THE WORD “memory” traces its roots to the Latin word “memoria” and “memor,” meaning “mindful” or “remembering.”

It is defined as the human brain’s ability to “encode, sort, retain, and subsequently recall information and past experiences.” The website human-memory.net also said that memory can be “be thought of in general terms as the use of past experience to affect or influence current behavior.”

Sociologists also talk about “collective memory” – coined by the sociologist Maurice Halbwachs (“The Collective Memory”), which is defined as a construction of created narratives and traditions to give people a sense of community to understand an event or a “social phenomena.”

The declaration by President Ferdinand Marcos of Martial Law in the Philippines on September 21, 1972 is a social phenomena. The debate over his role and how society should judge the Marcoses who are still in power was renewed recently.

Some say that the country was better off under Marcos. They say we need need an iron fist for the Philippines to progress. Others believe that those who have not experienced or seen the horrors of Martial Law are the only ones who would favor it.

Some say, however, that the lack of understanding about Martial Law, especially those belonging to the young generation, is because the nation lack of a sense of history, a collective memory. Not much sense is made of the past, the horrors, sufferings, and hardships under Martial Law.

The most prominent victim of Martial Law was then Senator Benigno Aquino, Jr., an opposition solon who was imprisoned by Marcos. He was placed in solitary confinement for more than seven years, suffered a heart attack, and was sent to the United States for treatment.

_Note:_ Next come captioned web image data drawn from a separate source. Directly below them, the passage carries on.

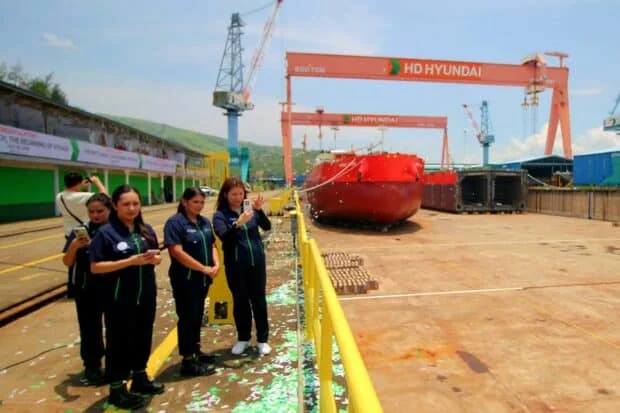 First HD Hyundai vessel marks Subic shipbuilding industry's revival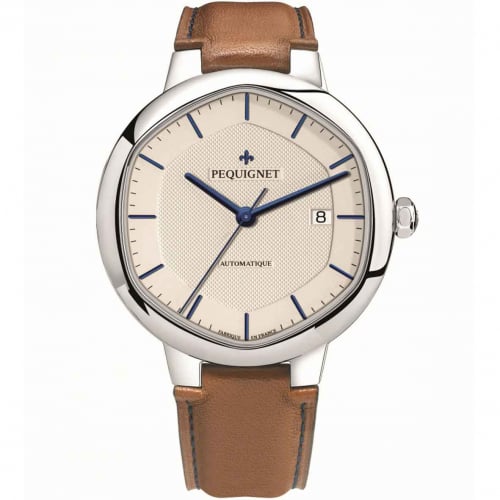 Montre Pequignet Exagone blanc 41 mm - 4470413-CM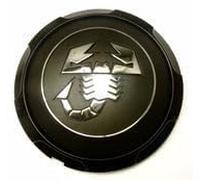 4 Piezas Coche Tapacubos para Abarth 500 595 695 Coppa Coppone 133 mm, Rueda Tapas Centrales Prueba de Polvo Decorativa Accesorios de Estilo Tuning Accesorios,Black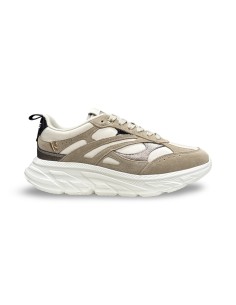 Keys K-13491 sneakers donna in pelle/camoscio beige 2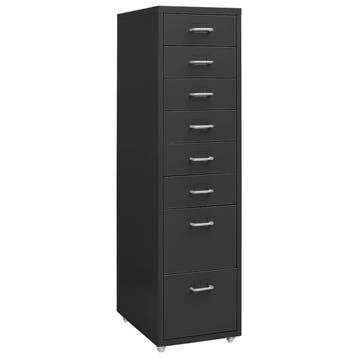 vidaXL Ladeblok verrijdbaar 28x41x109 cm metaal, Verzenden, Nieuw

He returned August 21, 1983 and was gunned down on the tarmac of what was then the Manila International Airport that was renamed in his honor several years after his wife, Corazon Aquino, assumed the presidency through a military-backed people’s uprising in February 1986.

It was not only Aquino who suffered under the dictatorship. At least 9,000 more were imprisoned, tortured, and killed during what is now being called as the darkest days in Philippine history based on the records that TFD holds it in its files.

This is the collective memory that the Task Force Detainees want Filipinos to have to point the nation in the right direction.

This video short by PCIJ deputy producer Cong Corrales tells us about this museum as the death anniversary of Ninoy Aquino nears.

Indeed, as the movie says, without memories, there would only be “the eternal sunshine of the spotless mind.”